Brief: Below are some records. Write out exactly their lines from the one with "تويوتا لاند كروزر 4.0 PETROL" through the one with "Tenis Puma color", and leave the pictures behind.

Provided data:
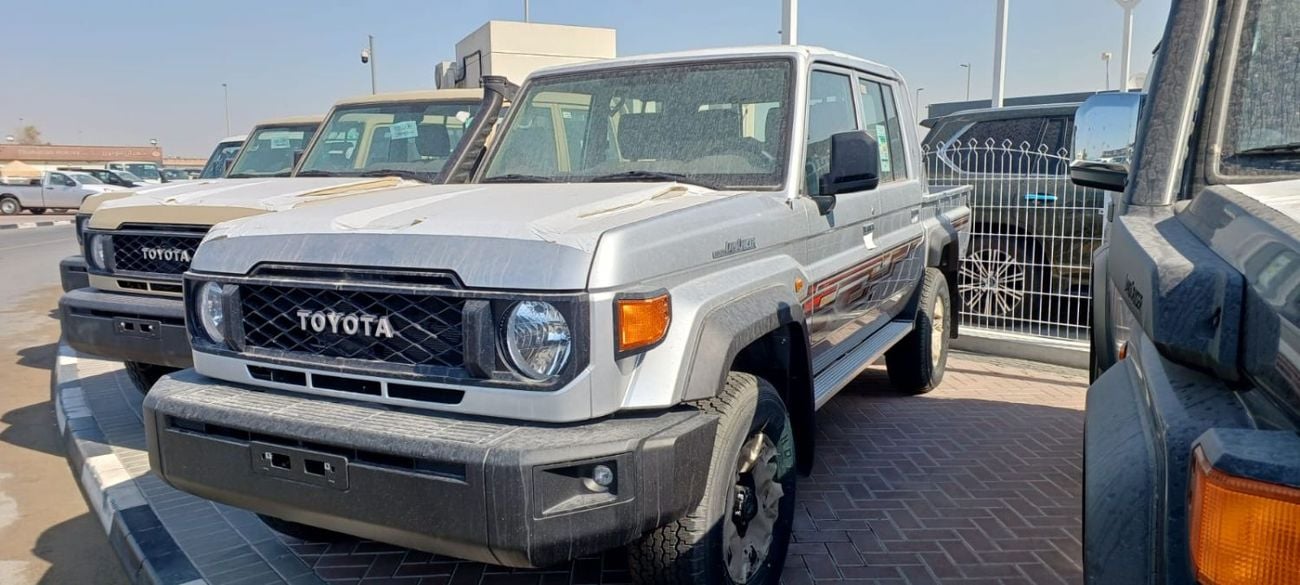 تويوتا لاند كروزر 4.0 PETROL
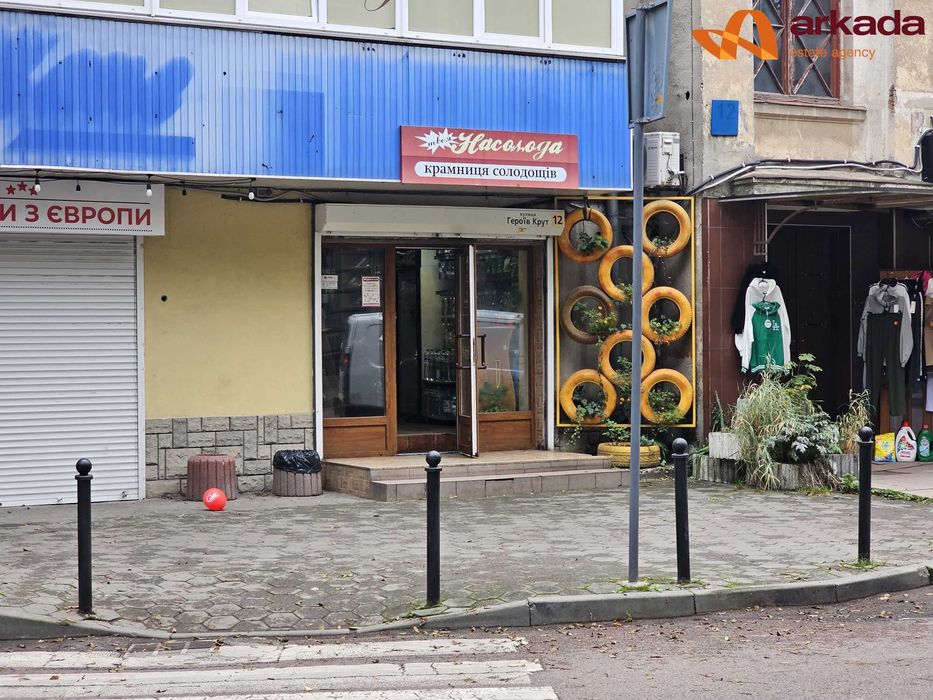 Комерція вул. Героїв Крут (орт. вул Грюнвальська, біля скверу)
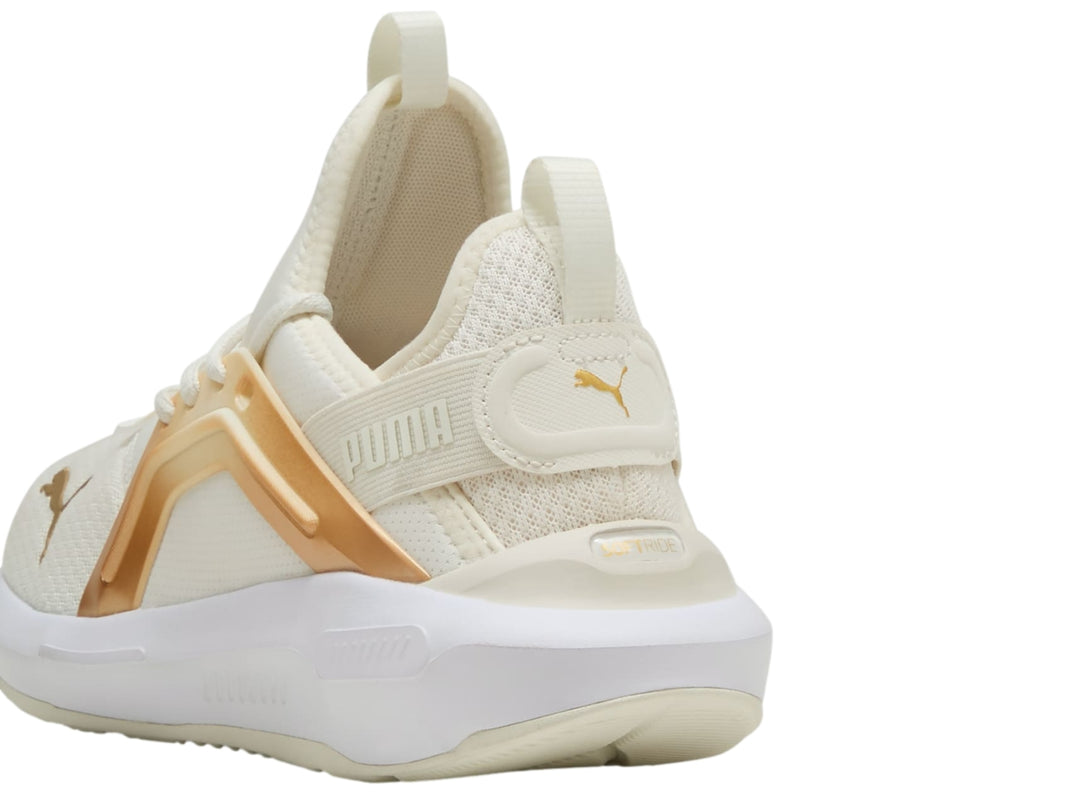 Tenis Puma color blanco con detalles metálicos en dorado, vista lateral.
* * *
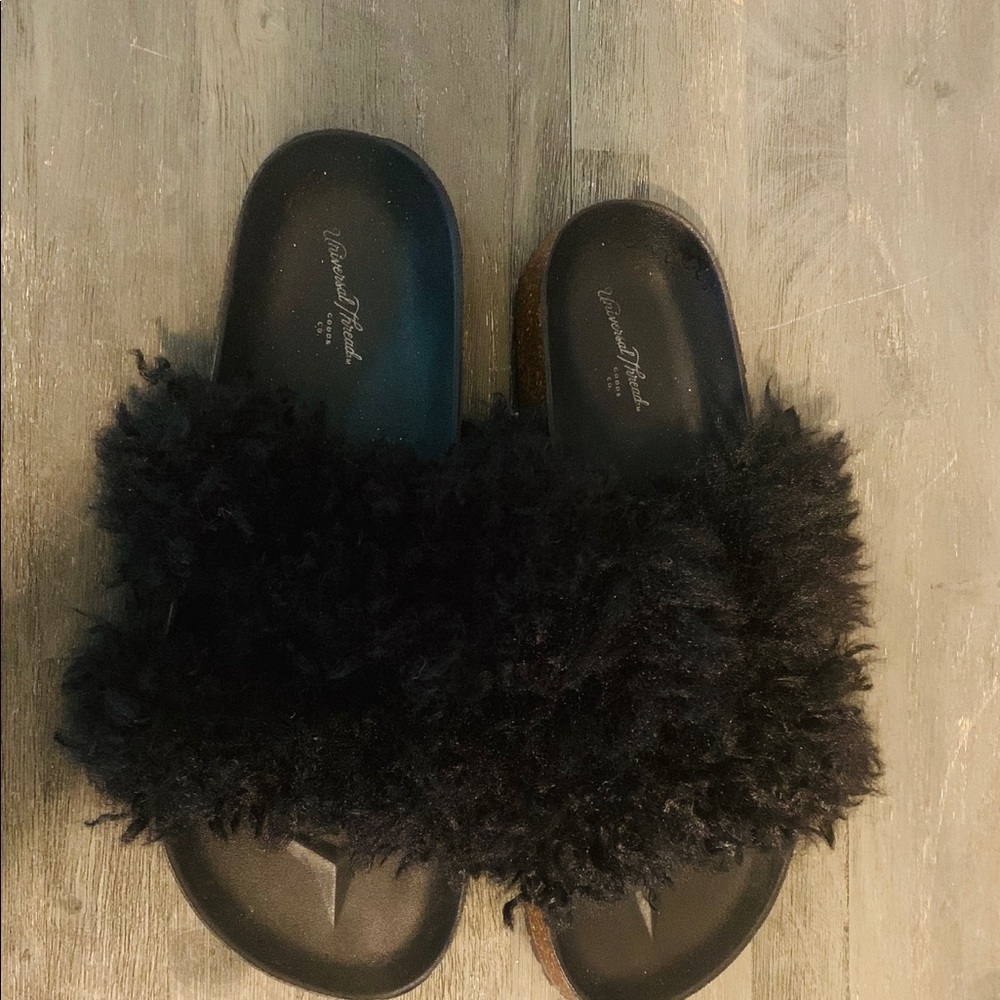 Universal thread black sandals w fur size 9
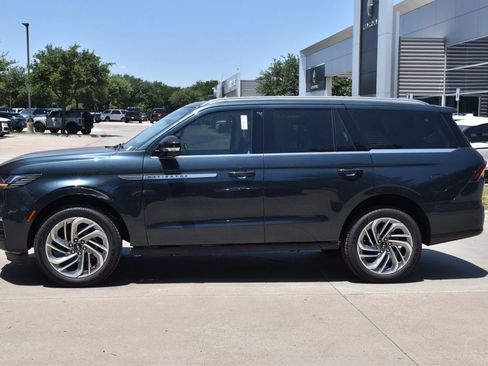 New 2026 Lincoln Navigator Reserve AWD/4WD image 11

Answer space:
 تويوتا لاند كروزر 4.0 PETROL
 Комерція вул. Героїв Крут (орт. вул Грюнвальська, біля скверу)
 Tenis Puma color blanco con detalles metálicos en dorado, vista lateral.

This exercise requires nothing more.